CSX: The Empire Writes Back

18.March, Washington DC – CSX (“Applicants”) responded swiftly to the slew of objections filed with the STB last week by heavyweight stakeholders (see PAR SALE: Objections Pick Up Steam). APPLICANTS’ RESPONSE TO INITIAL COMMENTS {STB 301772.pdf} avoids the strident tone of some objectors’ criticisms. It does assuage the one near-universal complaint that the proposed schedule is too short, but may not as effectively deflect the most problematic accusation that the Transaction’s dependence on GWI’s Berkshire & Eastern railroad will harm competition in Vermont. The Board’s view on that matter will strongly color its first action, expected by 29.March, to accept the Transaction as a “minor” one, or ask the Applicants to refile it as “significant.”

Related article: B&E/P&S/GWI: Orange is the New Blue

Objections filed by parties fall into four general categories, from most-commonly cited to least:

  1. That the 30-day comment period is not enough time for stakeholders to evaluate the effects of the complex Transaction and comment;
  2. the APPLICATION is incomplete and void unless combined with B&E PETITION to be presented together rightly  as a single “significant” transaction;
  3. the designation of B&E to operate the Pan Am Southern system will impose a competitive disadvantage to connecting shortlines and reduce shippers’ access to competitive service; and
  4. CSX has not engaged in meaningful discussions with affected parties.
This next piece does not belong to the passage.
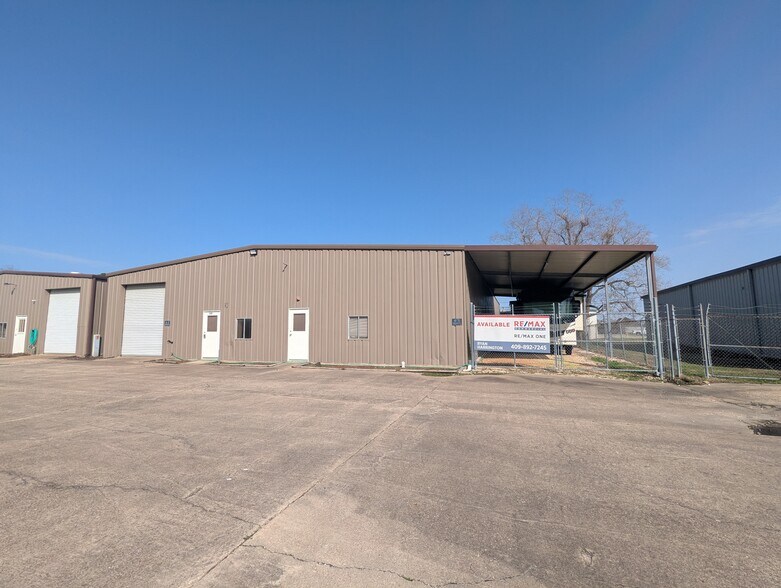 More Photos Of 635 Langham Rd, Beaumont Warehouse For Sale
To the first objection, the RESPONSE deftly asks the Board simply to double the comment period to 60 days, and thus in one move ameliorates the several unions, two Massachusetts legislative delegations, and influential customer Republic Services, all of whose objections boiled down to wanting more time to comment.

To the second and third, the RESPONSE argument rests unsettlingly on three elements:

  1. Belittling the objections as, “beside the point,” “misguided,” “irrelevant,”
  2. Repeating suppositions made in the Application, such as, “… an efficient, end-to-end extension of CSXT’s network into New England that raises no competitive issues,” “… it clearly will not have any anticompetitive harm and clearly advances the public interest …” (emphasis as in original – Ed.), “Neither the public interest, the STB, nor any of the commenting parties’ legitimate interests in maintaining competition would [benefit by] a re-classification that ignores its overwhelmingly pro-competitive nature.”
  3. Precedents that don’t strongly support the argument, such as,
    Only one recent transaction filed as a “minor” transaction was reclassified by the STB as a “significant” transaction … because the STB could not tell from the applicants’ economist statement whether there might be competitive effects not adequately investigated by the applicants. 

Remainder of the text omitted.